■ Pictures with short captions
----

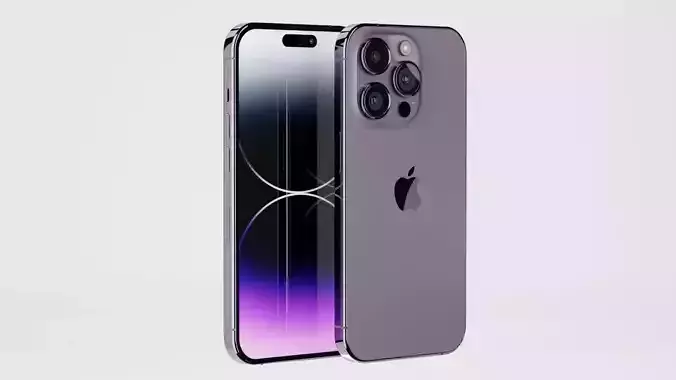 Iphone 14 Pro Max Deep Purple
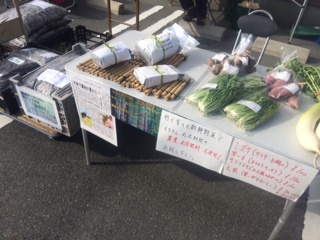 実はイベント出店。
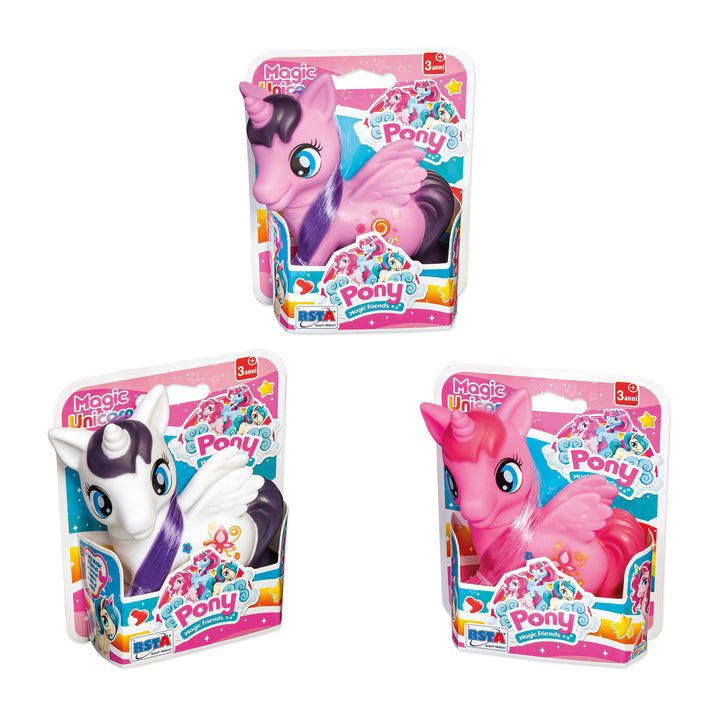 PONY MAGIC FRIENDS - UNICORNO MAGICO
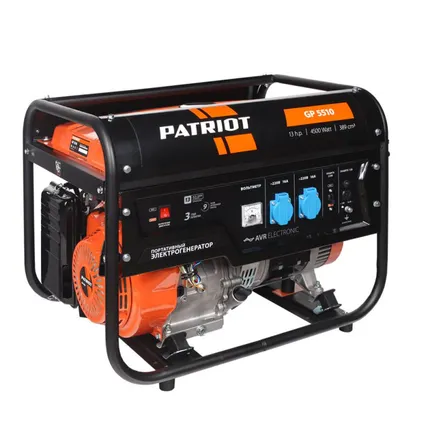 Фото №10 Генератор бензиновый GP 5510
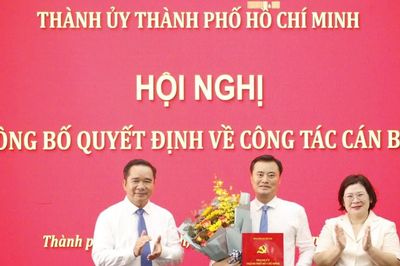 Ông Bùi Xuân Cường giữ chức Bí thư Đảng ủy phường Sài Gòn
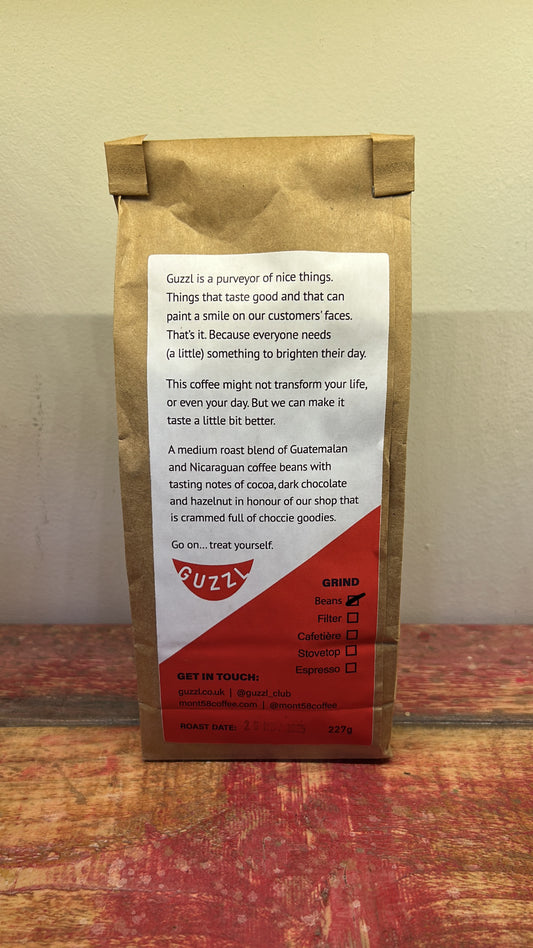 Mont58 Coffee Unit 9 - The Guzzl Blend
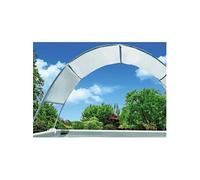 Intex Auvent pour piscine Gris clair ombres de piscine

----

■ Task objective
With the pictures set aside, copy each line above as written.

■ Written answer
 Iphone 14 Pro Max Deep Purple
 実はイベント出店。
 PONY MAGIC FRIENDS - UNICORNO MAGICO
 Фото №10 Генератор бензиновый GP 5510
 Ông Bùi Xuân Cường giữ chức Bí thư Đảng ủy phường Sài Gòn
 Mont58 Coffee Unit 9 - The Guzzl Blend
 Intex Auvent pour piscine Gris clair ombres de piscine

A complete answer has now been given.